Maria Vounou is Director of Data Science at Burberry, where she leads the company’s central, globally focused Data and Analytics function. Her career is grounded in a strong academic foundation, having studied Mathematics before completing a PhD in Statistics. Her doctoral research applied advanced statistical methods to high-dimensional brain imaging and genetic data, building deep technical expertise in analytics, modelling, and applied AI.
Maria joined Burberry over a decade ago as a junior data scientist, at a time when data science was still emerging both within the industry and the organisation. Over 13 years, she has played a pivotal role in establishing Burberry’s data capabilities from the ground up by helping to define the technical foundations, expand the data footprint, and embed analytics and AI within a creative-led, luxury retail environment. Her progression from individual contributor to senior leader mirrors the evolution of data as a strategic capability within the business.
Today, Maria leads a multidisciplinary team of data scientists, analysts, and data product managers. She is responsible for setting the enterprise data, analytics and AI agenda in partnership with the executive team, prioritising initiatives and implementing data-driven solutions that drive value, enhance decision-making and power Burberry’s strategy.
Driven by a passion for mathematics, statistics, and problem-solving, Maria is particularly focused on translating advanced analytics into tangible business impact while maintaining technical excellence.
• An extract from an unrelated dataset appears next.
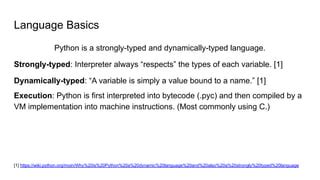 Python excel to pdf.  Python is dynamically, but strongly typed, and other statical...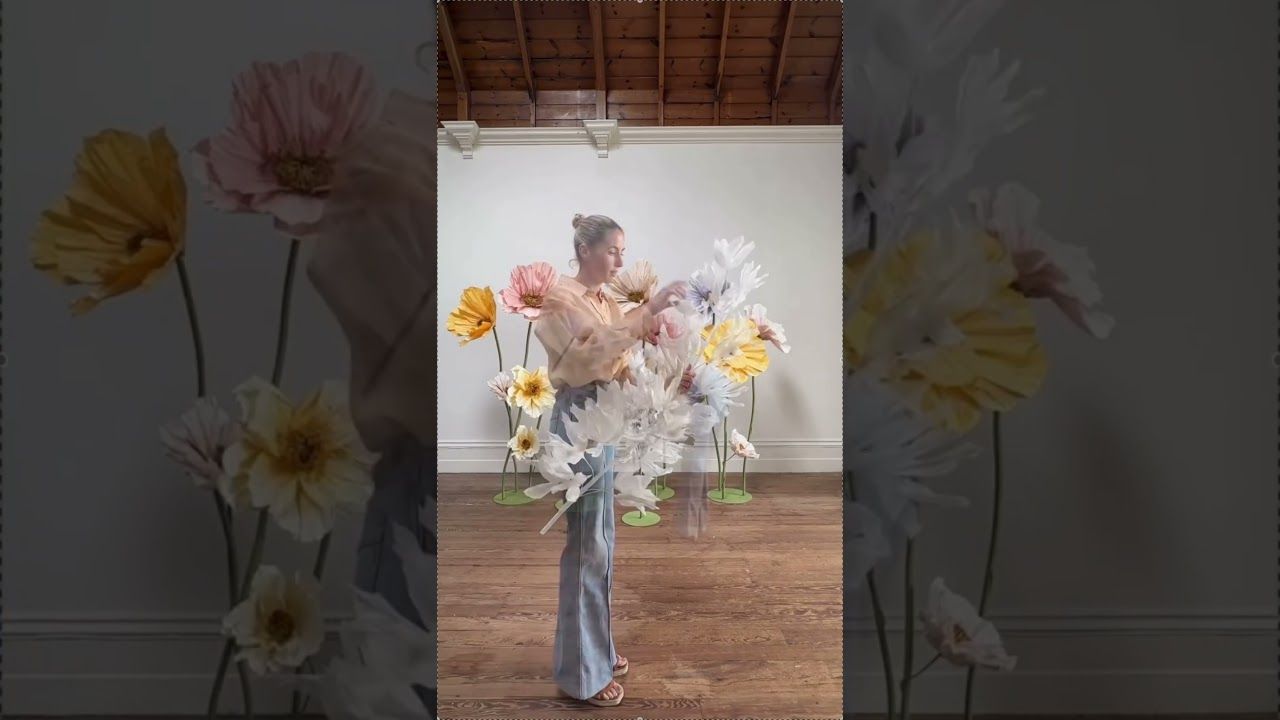 Flowers on Stand Set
She has previously been listed in the DataIQ 100, and her team has received multiple DataIQ Awards, including Best Data and Analytics Team, Innovation Champion, Data-Enabling Solution of the Year, Transformation with Data and Most Innovative Use of AI.
As a data and AI leader, which traits and skills do you think matter most, and which of those have been most influential for you in your current position?
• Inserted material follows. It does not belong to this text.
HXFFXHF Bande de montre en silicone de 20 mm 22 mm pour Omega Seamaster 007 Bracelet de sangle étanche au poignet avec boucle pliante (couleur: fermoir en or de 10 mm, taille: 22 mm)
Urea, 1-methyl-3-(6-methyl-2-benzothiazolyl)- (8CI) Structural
Maria anchors effective data and AI leadership in people, discipline, and partnership, with a strong emphasis on building and empowering high-performing teams. She described leadership impact as something that is “amplified through people” and argues that “data and AI outcomes are ultimately driven by them”. She focuses on recruiting and developing top talent, creating an environment of trust, and enabling individuals to perform at their best. This people-first approach has proven critical in maintaining continuity, resilience, and strong capability through periods of organisational change, allowing the team to “continue delivering even more value under pressure”.
The second trait for Maria is rigorous prioritisation. Particularly in constrained environments, she believes that “more work does not necessarily mean more value”. Effective leaders must be disciplined about saying no, protecting their teams from low-impact activity, and “maintaining focus on business value”. This clarity of focus not only improves business results, but also ensures efforts are directed where it matters most.
The third capability is strong partnership and trust across the organisation. Maria emphasised the importance of “meeting stakeholders where they are”, practising active listening, and co-creating solutions so that insights translate into action rather than remaining theoretical.
Taken together, these traits reflect a leadership style that values sustainability over heroics by investing in people, concentrating effort on the highest-value opportunities, and building the relationships needed to turn strong analytical capability into lasting business impact.
Reflecting on your career, what is one non-traditional piece of advice (outside of technical skills) you would give to an aspiring data or AI leader aiming for the C-suite?
Maria’s advice centres on a subtle but powerful shift in mindset: prioritise being trusted over being right. She candidly stated that, while technical mastery can feel like the hardest part of the job, “it’s actually not what drives impact on its own”. The greater challenge sits in influence, adoption, and the ability to bring others along.
Data leaders are often deep in the detail, confident in the robustness of their approaches, and rightly proud of their technical work. That can make it tempting to focus on proving a solution is right and expecting adoption to follow. Her experience has taught her that correctness alone does not equal impact.
Reflecting on earlier examples, Maria noted that even the most technically sound work will stall if trust is missing. The question, therefore, becomes less “how do I convince people I’m right?” and more “how do I build trust and influence to make change happen?” For Maria, this means investing in relationships and framing work in simple terms that resonate with business priorities. Communicating value clearly, making work visible and relevant, showing how benefits will materialise, and securing small incremental wins are what ultimately drive trust and adoption.
Maria believes teams should still recognise and celebrate technical achievements, but for leaders aspiring to the C-suite, she argued, success is defined by whether that work is used and creates change. In practice, that requires a conscious shift away from defending methodology and towards building partnerships, telling a compelling value story, and earning the trust that allows strong ideas to land.